0
votes

I have an interview test where I have to implement a fast matrix multiplication with a given matrix multiplication algorithm.

I have to implement it on any platform with any compiler I want. The task says:

•PC implementation should be ready for SIMD optimization. • Design a rational interface to the data processing module. • Write portable ANSIC code where it doesn't degrade the efficiency. Don’t use assembler. • Think about the number of operations, complexity of the operations. Care about things like function call overhead, loop overhead, memory access time and cache performance

Should I implement this on a platform like raspberry pi? Or on a CPU+DSP or ARM+NEON or CPU+GPU simulator?
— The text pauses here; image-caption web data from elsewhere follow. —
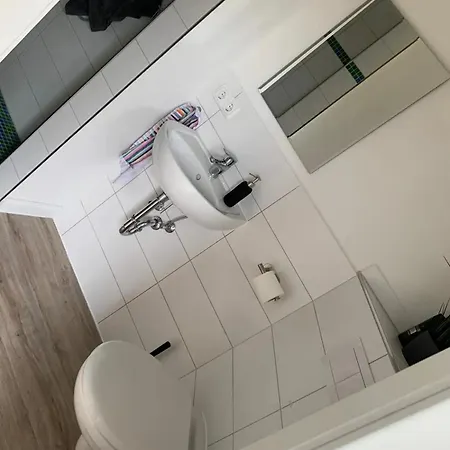 Ein Platz Fuers Leben In Feriehus Quickborn (Pinneberg)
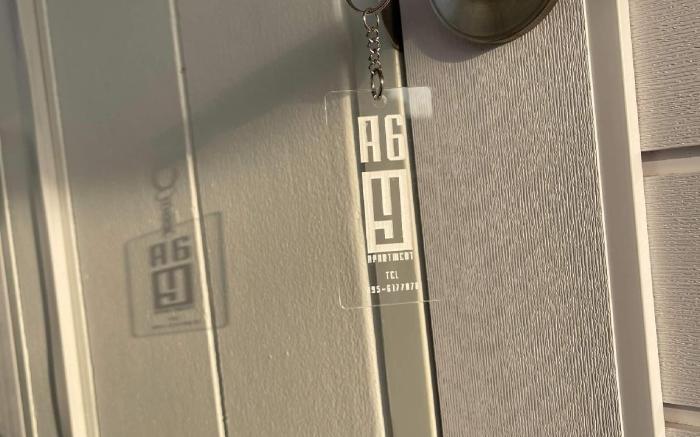 Y Apartment Ta Phraya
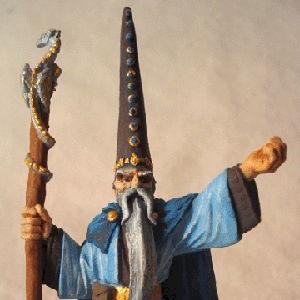 Darius the Blue by Mr. Risk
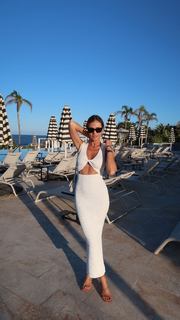 Silvia Zamora feet photo 2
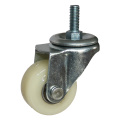 Light Duty Casters PP Swivel Caster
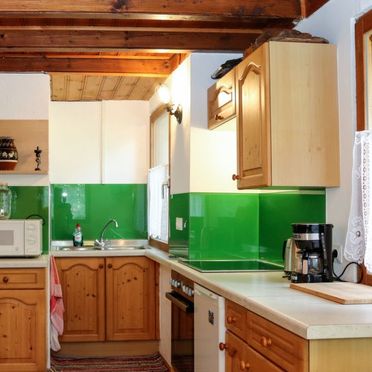 Innen Sommer 4, Berghütte Menardi, Frankenburg am Hausruck, Oberösterreich, Oberösterreich, Österreich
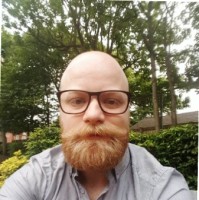 Cognizant Employee Matthew Craggs's profile photo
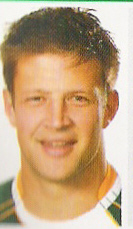 Profile photo of Robert Brian Skinstad - Barbarians Player from 2004 to 2006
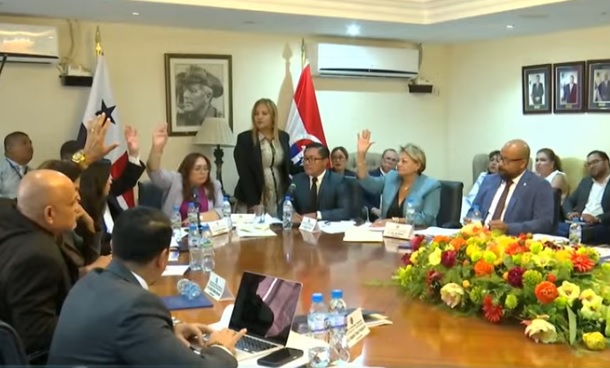 Lilibeth Cárdenas Chanis designada para la dirección de Secretaría Nacional de Niñez, Adolescencia y Familia (Senniaf).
Or just give the code?

Thank you

1
Isn't this better asked of the interviewer? - Scott Hunter

1 Answers

0
votes

There a whole theory about Instruction level parallelism, thread level parallelism, Cache utilization and what not used in speeding up matrix multiplication.

I can point you, first to learn how the CPU cache works. When a block is loaded into cache, how it is mapped to to cache index, when a block is evicted etc. Consult a book on Computer architecture, or Wikipedia.

Then I can point you to the blocking matrix multiplication algorithm.

And last there is the BLAS specification and OpenBLAS as the fastest implementation for CPUs.